AVAILABLE RECORDS |

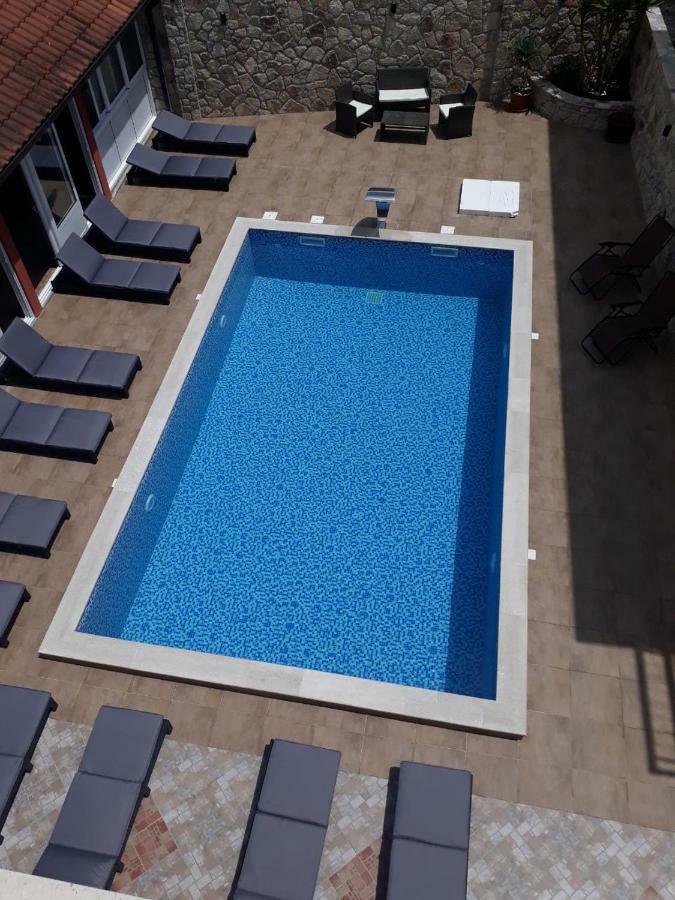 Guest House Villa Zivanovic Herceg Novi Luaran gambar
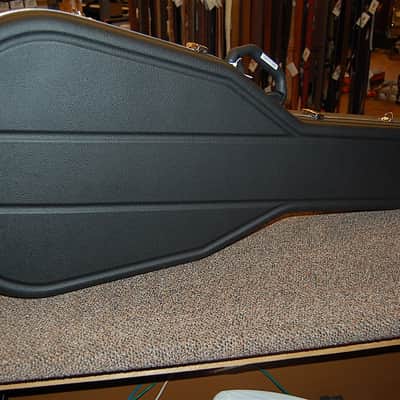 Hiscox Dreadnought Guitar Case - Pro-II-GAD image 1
---
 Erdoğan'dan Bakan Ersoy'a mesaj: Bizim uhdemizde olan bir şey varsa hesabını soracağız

WHAT YOU ARE ASKED TO DO |
Print the part of the listing above that opens with the line containing "Guest House Villa" and closes with the line containing "Hiscox Dreadnought Guitar". Copy it exactly, both ends included, and omit the pictures.

OUTPUT FOR THIS EXERCISE |
 Guest House Villa Zivanovic Herceg Novi Luaran gambar
 Hiscox Dreadnought Guitar Case - Pro-II-GAD image 1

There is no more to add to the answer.